### [Stored data entries]
*** Begin section ***

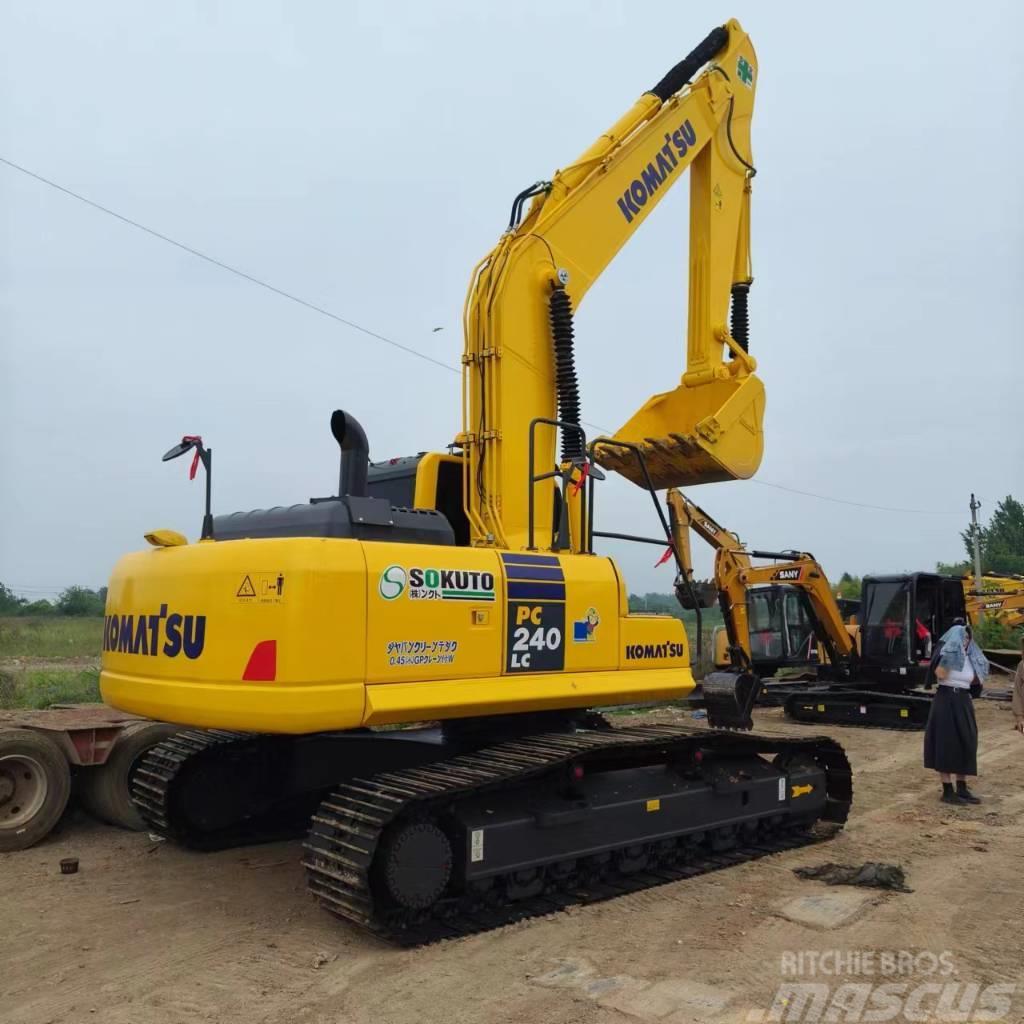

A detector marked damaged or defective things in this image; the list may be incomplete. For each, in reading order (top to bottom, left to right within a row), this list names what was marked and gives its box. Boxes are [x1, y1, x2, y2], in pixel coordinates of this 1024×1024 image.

rusty metal trailer [0, 704, 178, 856]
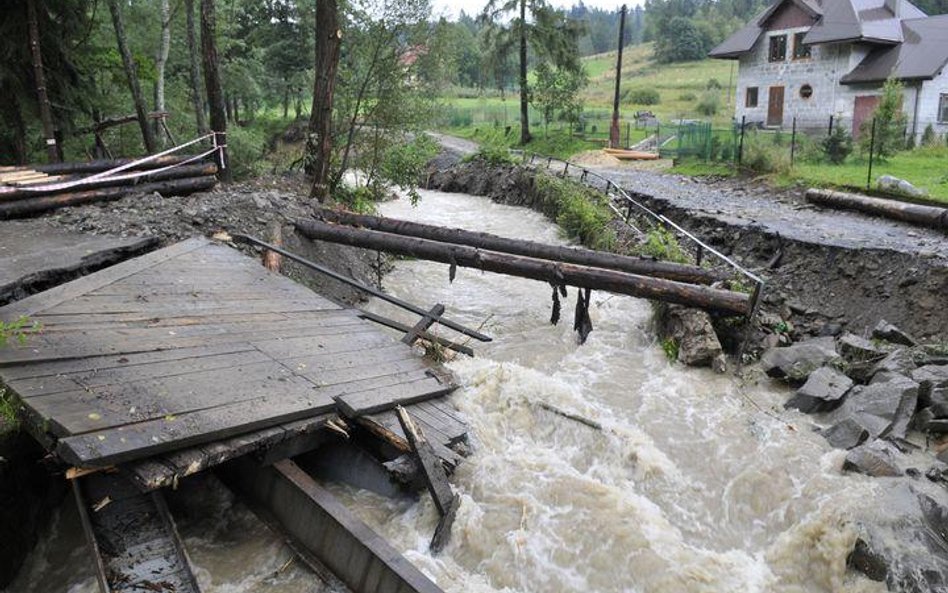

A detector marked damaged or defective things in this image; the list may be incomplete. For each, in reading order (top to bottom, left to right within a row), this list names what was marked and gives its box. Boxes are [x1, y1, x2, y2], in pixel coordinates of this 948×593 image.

broken timber [314, 208, 724, 284]
broken timber [292, 220, 752, 316]
broken timber [218, 458, 448, 592]
broken timber [394, 404, 462, 552]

*** End section ***

### [Work to complete]
Word for word, give the data above again, without any images.

### [Reply]
A detector marked damaged or defective things in this image; the list may be incomplete. For each, in reading order (top to bottom, left to right within a row), this list names what was marked and gives its box. Boxes are [x1, y1, x2, y2], in pixel coordinates of this 1024×1024 image.

rusty metal trailer [0, 704, 178, 856]

A detector marked damaged or defective things in this image; the list may be incomplete. For each, in reading order (top to bottom, left to right within a row), this list names what was marked and gives its box. Boxes are [x1, y1, x2, y2], in pixel coordinates of this 948×593 image.

broken timber [314, 208, 724, 284]
broken timber [292, 220, 752, 316]
broken timber [218, 458, 448, 592]
broken timber [394, 404, 462, 552]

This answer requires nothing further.